Wednesday, January 19, 2011

The Nearby Kingdom, Matthew 4:17

After Jesus is baptized, he is driven into the wilderness by the Spirit to be tempted, tested and tempered. After that he begins his ministry, and his first ministry action is to proclaim through the countryside: "Repent, for the kingdom of heaven has come near."

I hate that. I don't want God's kingdom, the kingdom of peace and justice, to come near. I want it to be here. Why can't what I long for be in my grasp?

Most theologians think that when Jesus says the kingdom has come near, he is saying that the kingdom has come, in some sense, with his coming and will come fully in the near future. Jesus was an apocalyptic preacher. He believed that God's rule, the supernatural interruption of the natural order, was coming quickly, so people should get ready. The early church got the message and believed the same way. Jesus who had died and was resurrected and ascended would return imminently.

Maybe it's just my way of trying to understand Jesus' words 2,000 years later, but I think he's talking more than about time. I think he's speaking to the human longing for God's presence which is never fully satisfied. Our finite selves daily bump up against the infinite, the great mystery of existence, and we are frustrated, figuring there must be some method for experiencing the great Shalom, unity with God. But we can't find it. We are left with our craving and brokenness. Getting up for work in the morning. Helping the kids with homework.

The kingdom is near. Or to continue the U2 theme from last week: "I still haven't found what I'm looking for."

Monday, January 10, 2011

Bleak Winter, Psalm 40:1-11

Ah, world, what lessons you prepare for us
even in the leafless winter,
even in the ashy city.
I am thinking now
of grief, and of getting past it.
Mary Oliver

I hate January. Have I mentioned this before?

I hate the perpetual darkness that just hangs low over your head, pressing down on you, threatening to pin you to the ground like a heavy boot. Sure, there are the sporadic glimpses of sunshine, but then everything is frozen solid including your fingers as they fruitlessly scrape the windshield of your car in which the heater doesn't work and a new heater core costs more to put in than to get a new vehicle, almost.

The church becomes unbearable in January as the charm and spiritual warmth of Christmas has given way to ordinary time and beginning-of-the-year administrative tasks that you just have to plow through by sheer act of will. Our church, like any church nowadays, is constantly processing change, adapting to new realities in the American religious landscape. This constant change requires constant energy and attention. In January, that can be hard to muster.

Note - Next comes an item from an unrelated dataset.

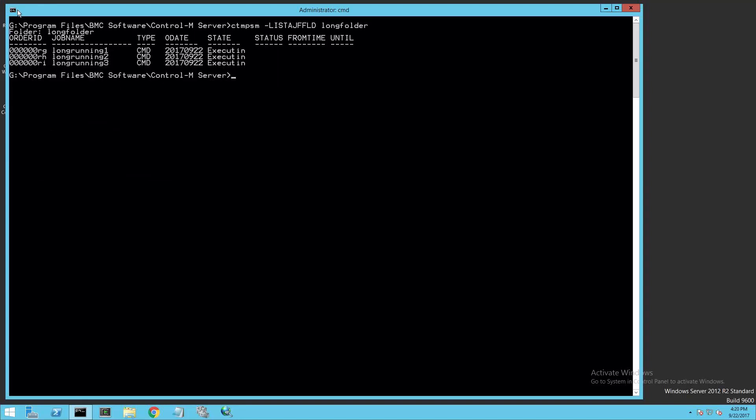I'm going to clear my screen again and look for a specific folder where I have a few long-running jobs. I'll use the List AJF FLD option with CTM-PSM to do this. Here I see I have a few long-running jobs in executing, and I need to kill one.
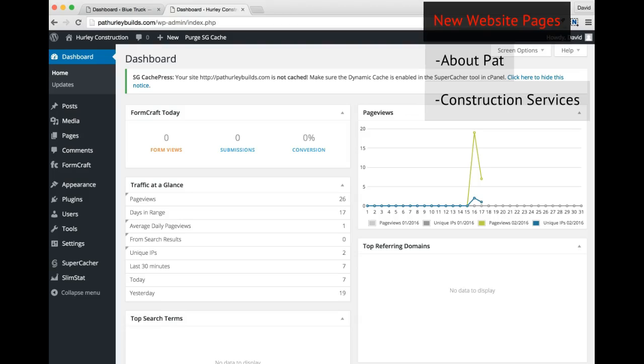Now let's talk how. How is Pat different from any other general contractor in the Bay Area? Does he have lengthy experience, a particular style that he's perfected? Maybe he is the best in town for kitchen remodels. Or last but not least, you can use how to cover your process. That's what we'll do in this case. So I'll call this page What to Expect.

Do I sound grumpy? I'm grumpy. January will do that to me. Psalm 40 is perfect January reading, or not, depending on your feelings about being patient:

I waited patiently for the Lord;
he inclined to me and heard my cry.
He drew me up from the desolate pit,
out of the miry bog,
and set my feet upon a rock;
making my steps secure.
He put a new song in my mouth,
a song of praise to our God.

How are you feeling this winter? Does Psalm 40 resonate with your 2011 winter experience?

Wednesday, January 5, 2011

Baptism of Jesus Sunday

In the liturgical calendar, January 9 is Baptism of Jesus Sunday. At WPPC this Sunday, we'll baptize and confirm six youth. What a great way to celebrate the baptism of Jesus!

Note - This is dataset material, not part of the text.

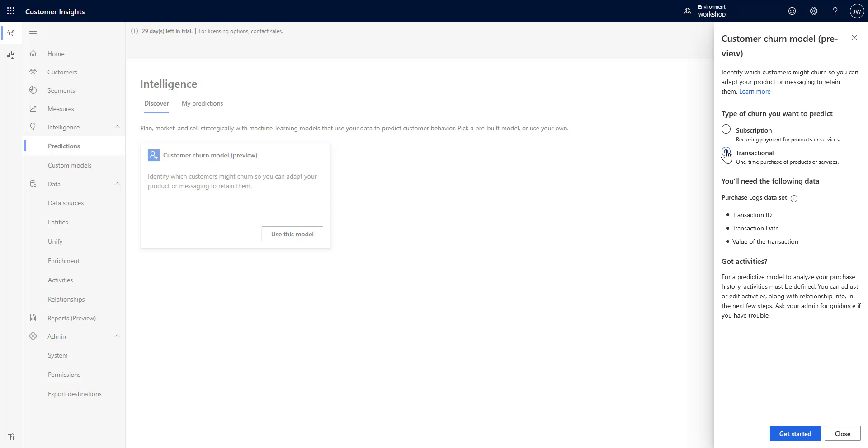We're going to select transactional. It tells us that we have to have the purchase logs - we'll need an ID, a date, and a value.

When Jesus came up out of the water at his baptism, according to the gospel writers, the Holy Spirit descended on him and a voice pronounced, "This is my son, the beloved, in whom I am well pleased." With this knowledge of his identity, Jesus is empowered to launch into ministry.

At their baptism and confirmation, I will anoint the youth this Sunday and pronounce that they have been sealed by the Holy Spirit in their baptism and marked as Christ's own forever. Those are pretty powerful words. Wonder what would happen if each one truly took those words to heart. How would it change their lives? What could they accomplish?

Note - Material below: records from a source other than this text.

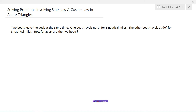We're going to take a look at how we can solve problems using the sine law and the cosine law in acute triangles. One of the things about trigonometry is it has lots of applications. Here's a scenario: two boats leave the dock at the same time. One boat is going to travel north for six nautical miles, and the other boat is going to travel at a compass heading of 60 degrees for eight nautical miles. The question is: how far apart are the two boats?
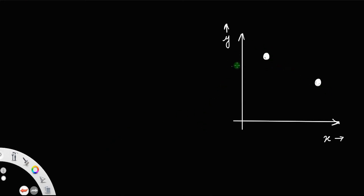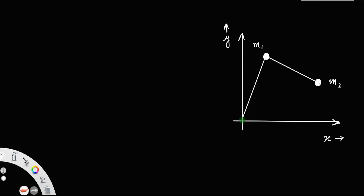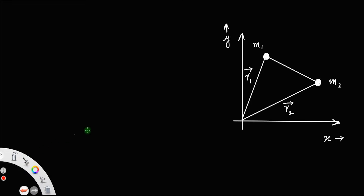Let us consider a two-particle system with masses m1 and m2. Let us join these masses — this is the line joining the centers of these two masses. Let the position vector of mass m1 be r1 and that of m2 be r2. The center of mass of these two systems will be somewhere on the line joining these two points. Let us call that point C, and the position vector of the center of mass be rcm.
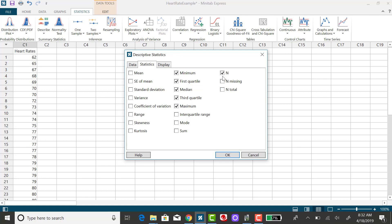I'm going to unclick those two and then I'm going to click on the interquartile range. This is the difference between the first quartile and the third quartile and it contains about 50% of the data.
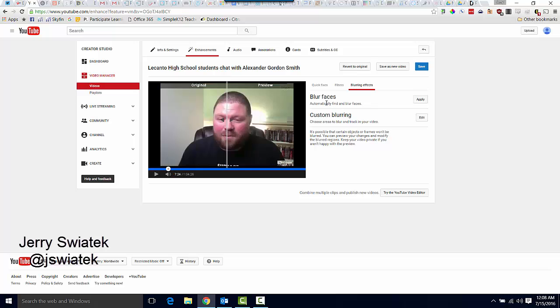So what I'm going to do here, if I wanted to automatically blur all of the faces in my video, I simply click Apply. And it's going to automatically find those faces and blur them all out.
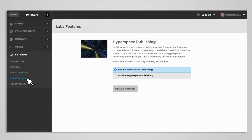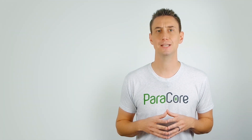The Labs feature is a fun section of the settings menu. This is where Unbounce allows you to enable features that are currently in beta and not quite ready for prime time. At the time of this recording, the only lab feature is Hyperspace — a super sweet space scene that you'll see while waiting for your landing page to be published. The feature is completely useless, but way better than staring at a line of text commanding you to hold tight while you wait for the page.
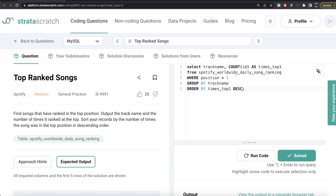It's a very simple question. All we had to do was, from the table or dataframe called spotify_worldwide_daily_song_ranking, keep only the songs that were at the top position, group by the track name, count the number of times they made the top list, and order by that count in decreasing manner. Let me know if there is a better or more efficient way to solve this in the comment section below, and until then I will see you guys in the next video.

Freedom is a wonderful thing. We have a lot of it in this country, and we should be thankful. The dark side of freedom though is that we think we can go though the world making up our life as we go along. We have no sense that we are chosen or claimed, that we have a destiny or mission. We are left to wander, following our own appetites. Life lived in this kind of freedom can be very unfufilling.

Do you have the sense that you are claimed by God and that that claim matters in your daily life?